第100話 今更
コントローラーは四つある。以前にも優芽や明歩、文や希美や小夜などが涼の家に集まったことが何度かあり、いつの間にやら涼と希美が揃えていた。みんなで遊べるゲームなら、女子だって重宝するのだ。特にそこそこゲーム好きの家主や少年的な趣味を持つ少女がいるならば。
「ま、俺の敵じゃないけどな」
一名を除いて女子連中には負けられない。琴樹は総合優勝のトロフィーを掲げる自キャラを前に腕を組む。いい画だ。
「……もう一回やりましょう」
「そうです! 次は負けません!」
「いいともいいとも。かかってきなさいハッハッハッ」
負けず嫌いが滲む二人と完璧に図に乗ってる一人に嘆息し、優芽は自分は次は一休みとコントローラーをローテーブルに置いた。

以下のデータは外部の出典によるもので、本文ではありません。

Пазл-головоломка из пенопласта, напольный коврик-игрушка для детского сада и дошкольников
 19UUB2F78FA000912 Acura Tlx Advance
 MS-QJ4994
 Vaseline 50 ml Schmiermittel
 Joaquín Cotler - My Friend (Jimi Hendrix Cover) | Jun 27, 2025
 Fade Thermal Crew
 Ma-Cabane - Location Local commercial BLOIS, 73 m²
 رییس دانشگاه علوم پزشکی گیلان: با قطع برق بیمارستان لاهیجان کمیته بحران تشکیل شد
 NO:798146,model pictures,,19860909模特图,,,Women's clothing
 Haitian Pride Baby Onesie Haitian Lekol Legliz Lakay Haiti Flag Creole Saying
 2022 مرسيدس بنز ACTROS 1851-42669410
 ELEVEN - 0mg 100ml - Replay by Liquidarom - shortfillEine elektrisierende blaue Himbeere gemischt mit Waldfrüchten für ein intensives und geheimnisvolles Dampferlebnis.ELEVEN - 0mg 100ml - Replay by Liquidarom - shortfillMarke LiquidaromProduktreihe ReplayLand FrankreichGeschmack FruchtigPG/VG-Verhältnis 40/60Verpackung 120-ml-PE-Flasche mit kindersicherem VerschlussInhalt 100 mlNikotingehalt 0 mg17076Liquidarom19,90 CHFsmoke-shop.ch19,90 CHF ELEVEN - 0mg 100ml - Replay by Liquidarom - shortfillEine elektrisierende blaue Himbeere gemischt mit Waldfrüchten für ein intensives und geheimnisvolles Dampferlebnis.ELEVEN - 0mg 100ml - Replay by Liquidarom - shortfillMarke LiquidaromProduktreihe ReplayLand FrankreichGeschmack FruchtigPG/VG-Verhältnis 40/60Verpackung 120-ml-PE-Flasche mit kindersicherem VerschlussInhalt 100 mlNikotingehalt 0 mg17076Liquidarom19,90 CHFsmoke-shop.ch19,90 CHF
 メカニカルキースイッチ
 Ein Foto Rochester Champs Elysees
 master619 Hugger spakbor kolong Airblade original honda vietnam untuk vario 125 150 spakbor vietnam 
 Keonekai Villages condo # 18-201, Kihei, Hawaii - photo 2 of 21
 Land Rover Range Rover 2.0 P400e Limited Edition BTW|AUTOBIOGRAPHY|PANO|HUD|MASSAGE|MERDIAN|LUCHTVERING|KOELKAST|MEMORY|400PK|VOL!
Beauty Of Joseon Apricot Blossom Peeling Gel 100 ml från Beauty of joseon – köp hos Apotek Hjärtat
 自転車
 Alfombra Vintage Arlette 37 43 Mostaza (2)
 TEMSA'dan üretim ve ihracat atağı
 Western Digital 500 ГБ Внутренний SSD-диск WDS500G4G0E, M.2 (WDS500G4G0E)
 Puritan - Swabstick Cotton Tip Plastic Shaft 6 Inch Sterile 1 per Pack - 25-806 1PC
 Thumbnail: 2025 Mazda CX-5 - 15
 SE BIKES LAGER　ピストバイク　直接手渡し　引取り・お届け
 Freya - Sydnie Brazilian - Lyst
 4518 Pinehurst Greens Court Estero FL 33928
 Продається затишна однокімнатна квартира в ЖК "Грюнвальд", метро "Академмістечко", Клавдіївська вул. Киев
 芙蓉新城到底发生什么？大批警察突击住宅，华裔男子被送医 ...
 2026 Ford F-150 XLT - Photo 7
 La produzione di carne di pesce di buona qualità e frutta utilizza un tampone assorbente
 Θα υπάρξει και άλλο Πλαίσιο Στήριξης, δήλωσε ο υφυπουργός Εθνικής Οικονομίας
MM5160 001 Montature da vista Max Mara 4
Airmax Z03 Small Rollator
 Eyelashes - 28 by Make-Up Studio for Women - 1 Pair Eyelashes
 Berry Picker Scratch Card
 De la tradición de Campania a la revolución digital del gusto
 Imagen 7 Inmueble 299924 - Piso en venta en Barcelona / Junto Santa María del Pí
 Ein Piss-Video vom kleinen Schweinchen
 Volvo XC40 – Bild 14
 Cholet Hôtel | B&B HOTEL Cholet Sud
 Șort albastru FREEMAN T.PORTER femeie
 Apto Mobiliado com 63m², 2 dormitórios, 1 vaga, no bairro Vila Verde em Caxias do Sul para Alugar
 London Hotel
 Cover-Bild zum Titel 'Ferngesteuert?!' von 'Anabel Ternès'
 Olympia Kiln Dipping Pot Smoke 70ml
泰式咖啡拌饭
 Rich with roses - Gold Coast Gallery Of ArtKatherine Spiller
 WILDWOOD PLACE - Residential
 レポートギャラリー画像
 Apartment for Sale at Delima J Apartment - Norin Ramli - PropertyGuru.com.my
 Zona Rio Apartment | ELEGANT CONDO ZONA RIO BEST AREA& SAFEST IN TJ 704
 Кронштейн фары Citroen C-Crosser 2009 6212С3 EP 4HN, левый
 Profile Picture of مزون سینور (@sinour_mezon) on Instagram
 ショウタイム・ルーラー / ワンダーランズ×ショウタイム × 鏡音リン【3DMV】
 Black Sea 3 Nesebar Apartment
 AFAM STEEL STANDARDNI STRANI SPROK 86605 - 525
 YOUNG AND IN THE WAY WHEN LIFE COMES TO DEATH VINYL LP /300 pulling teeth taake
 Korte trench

ソファから、台所前の広めの机に移動する。一人暮らしするには余裕のある床面積に一人では持て余しそうな家具類。広さの方はゆとりと解釈できなくもないが、どう見たって二人分用意されている椅子の片方に座って三人を眺める。
一人分空いたソファは先ほどのように窮屈そうではない。絨毯に胡坐をかく琴樹は笑みを見せている。
「幕張先輩! 卑怯です! やめてくださいそれ!」
「やめないんだなこれが」
「あっ、あっ、また……やだ……ひどいです」
「楽しいなぁ。市橋はやろうとしてることわかりやすくてハメやすくていいなぁ」
とある乱闘では琴樹の意外な一面が露になる。優芽が過去を思い出すに片鱗は見え隠れしていたかもしれない。
もう一つ、女の子とも割とすぐに打ち解ける面もよく発揮されている。
優芽からすれば両方、感心できない。特に後者。後者が。
ゲームはなにをやっても均衡とは程遠いからと一時間で切り上げて、ならば長居するのも琴樹には肩身が狭い。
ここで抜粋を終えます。